Yeditepe University is principally located in a purpose-built campus at Kayışdağı on the Asian side of Istanbul. However, the Faculty of Dentistry and the University Hospital are located in other locations on the Asian side of the city. The campus consists of 236,000 m^{2} of built space, and 125,000 m^{2} or open space. It has 319 classrooms, 22 lecture halls, 32 computer labs, and 74 professional labs for the Fine Arts, Architecture, Communication, Engineering and Sciences Faculties and 2 professional photographic studios.

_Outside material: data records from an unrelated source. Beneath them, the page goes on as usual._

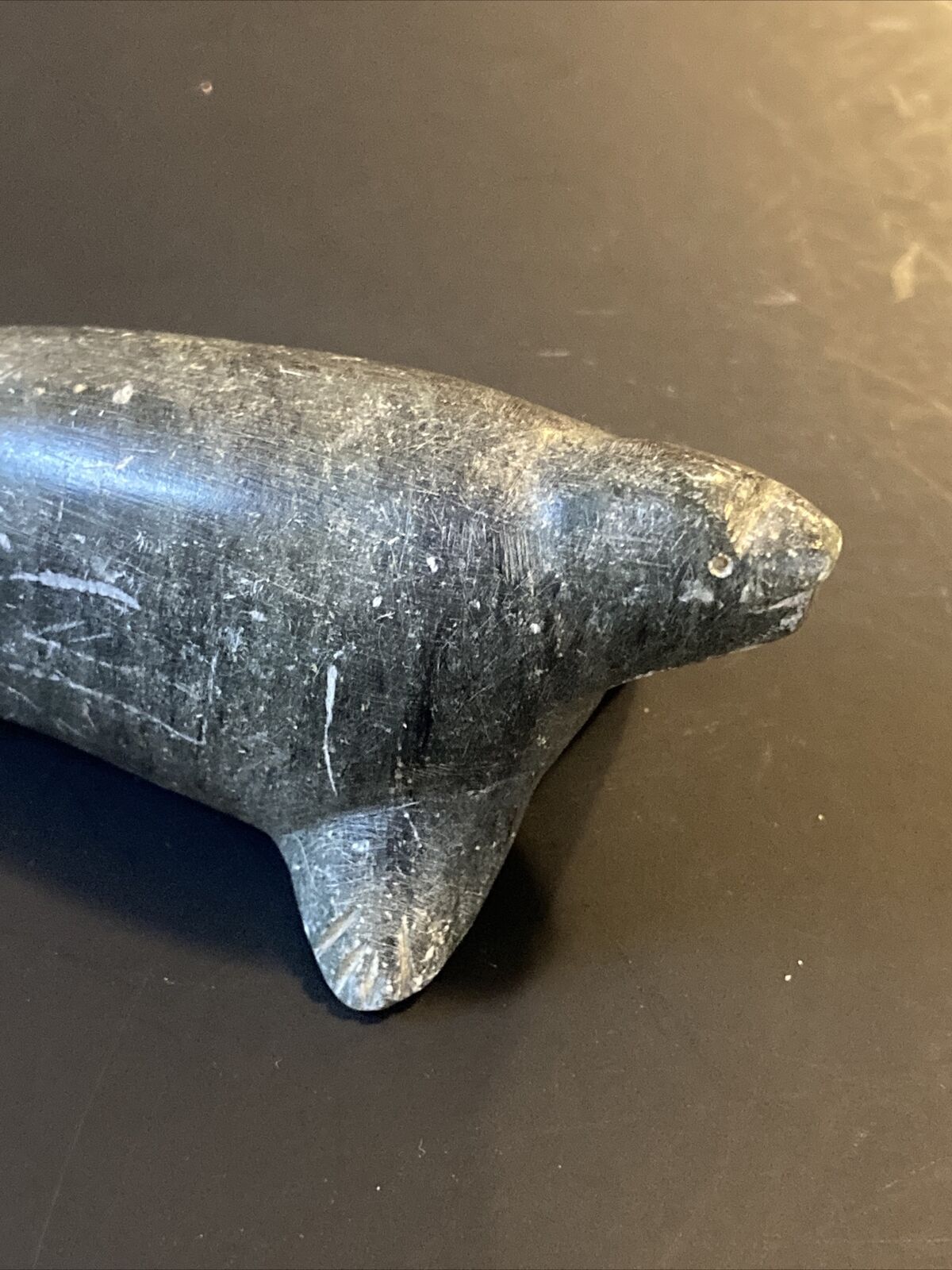 Northern Canada Inuit Soapstone Seal Vintage Art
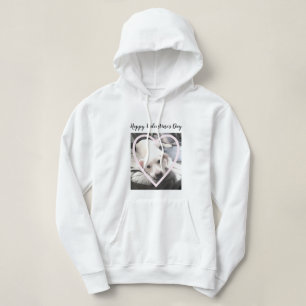 Super Cute Photo of a Puppy in a Light Pink Heart Hoodie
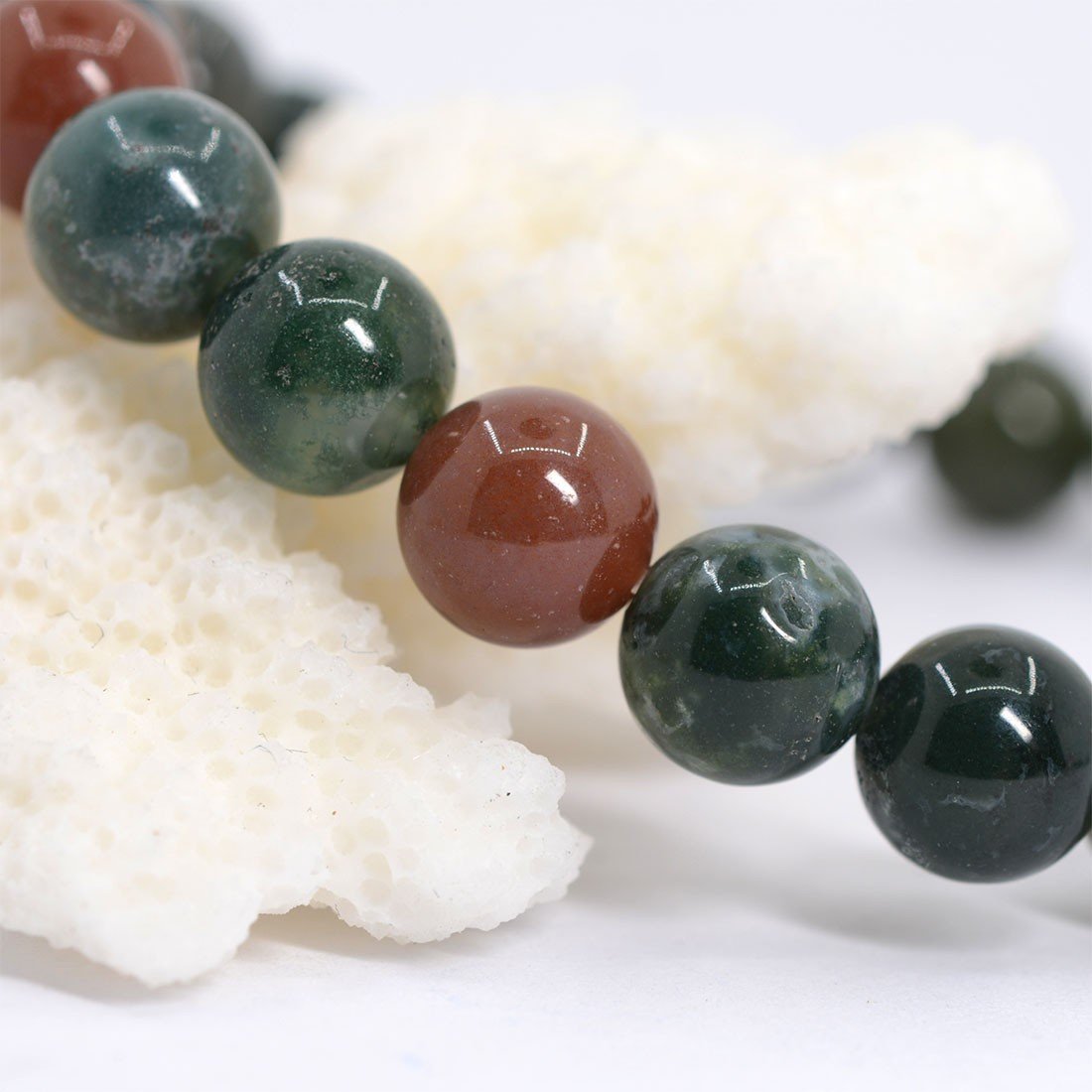 Justinstones Natural Multicolor Indian Agate Gemstone 8mm Round Beads Stretch Bracelet 7 Inch Unisex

There are 34 academic administration units, 287 Faculty Offices, 28 student club rooms, a 3000 m^{2} Central Library equipped with computers with internet access and private reading areas, Residence Halls with a capacity for 1400 people, a multipurpose Conference Hall with a 1200-person seating capacity, a Cinema Complex with a 100-person seating capacity each, a Theatre Hall with a 100 seating capacity, a 524 square meter and 384 square meter professionally equipped two television studios and 200 m^{2} educational TV studio lab, 150 m^{2} educational radio facilities, 550 m^{2} indoor basketball court with seating facilities, and outdoor basketball courts, outdoor volleyball and tennis courts, indoor and outdoor half Olympic sized swimming pools, 300 m^{2} fully equipped fitness and aerobics center, 783 m^{2} modern shopping complex, and large grassy areas with benches and picnic facilities. Parking is in 400 vehicle capacity indoor lots.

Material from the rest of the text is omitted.